[SUPPLIED RECORDS Boundary: Start]

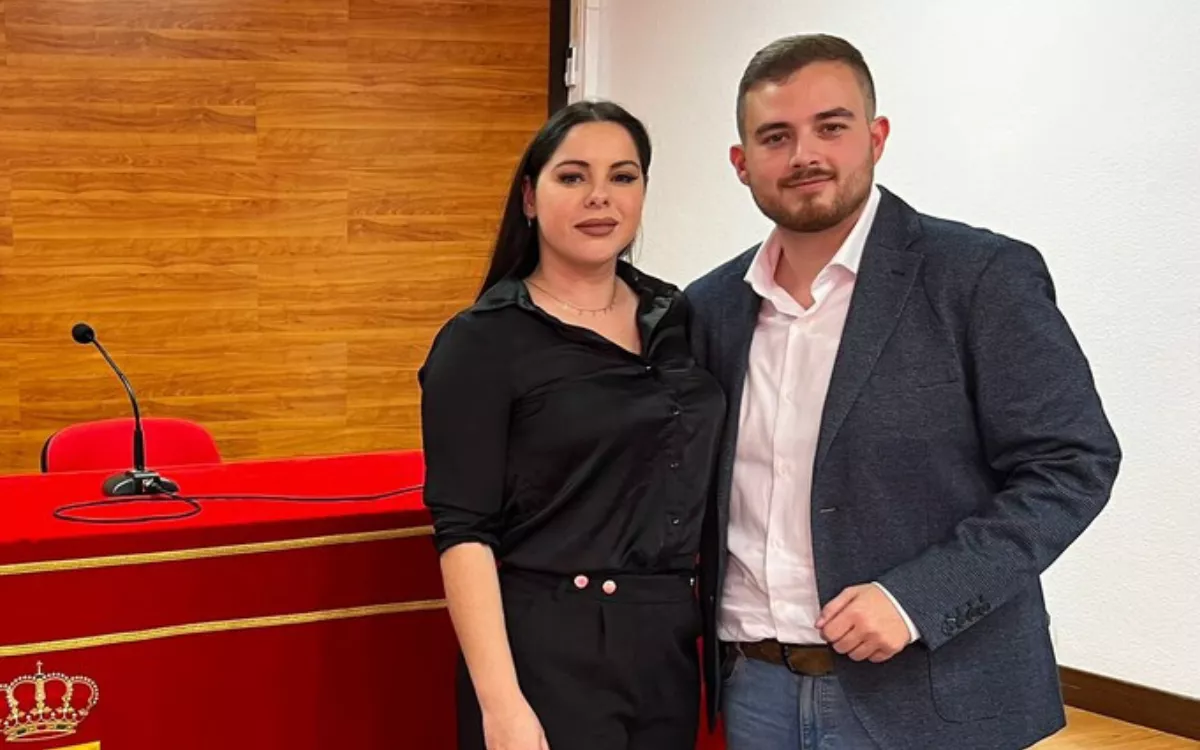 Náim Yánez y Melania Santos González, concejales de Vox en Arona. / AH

[SUPPLIED RECORDS Boundary: End]
[SUPPLIED RECORDS Boundary: Start]

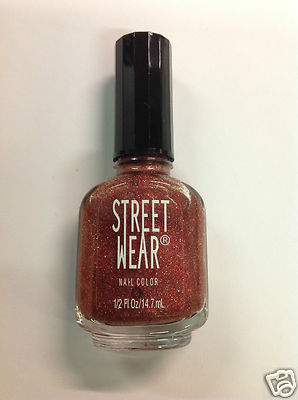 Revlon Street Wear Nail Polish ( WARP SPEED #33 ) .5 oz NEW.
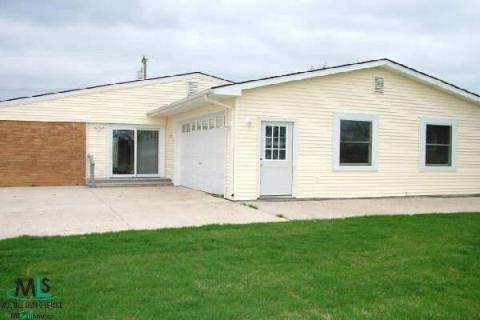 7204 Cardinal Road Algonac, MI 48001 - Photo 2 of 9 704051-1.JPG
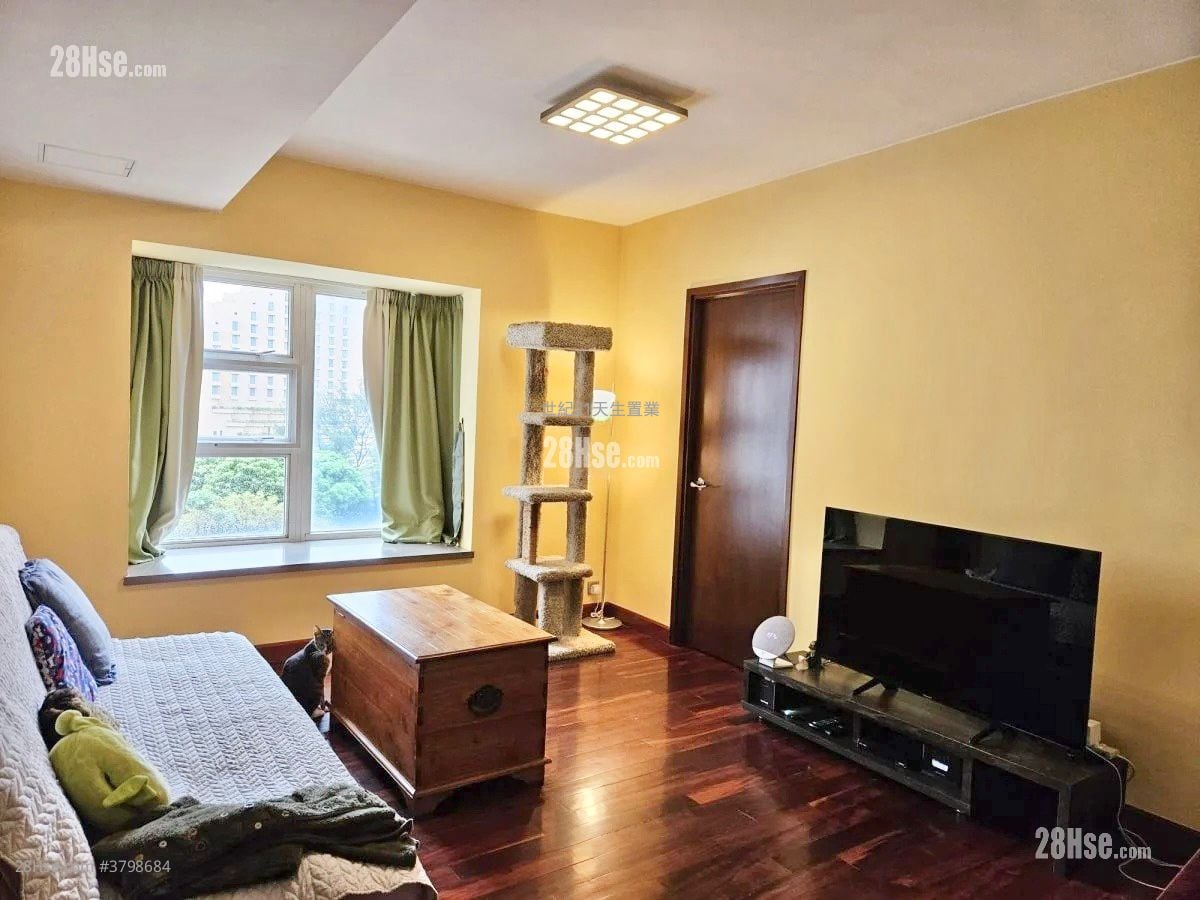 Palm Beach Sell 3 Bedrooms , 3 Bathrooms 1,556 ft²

[SUPPLIED RECORDS Boundary: End]

-- REQUIRED WORK --
In the data above, find the line containing "Revlon Street Wear" and the line containing "Palm Beach Sell". Copy exactly the stretch from the first through the second, both included, leaving out any picture.

-- ANSWER BOX --
 Revlon Street Wear Nail Polish ( WARP SPEED #33 ) .5 oz NEW.
 7204 Cardinal Road Algonac, MI 48001 - Photo 2 of 9 704051-1.JPG
 Palm Beach Sell 3 Bedrooms , 3 Bathrooms 1,556 ft²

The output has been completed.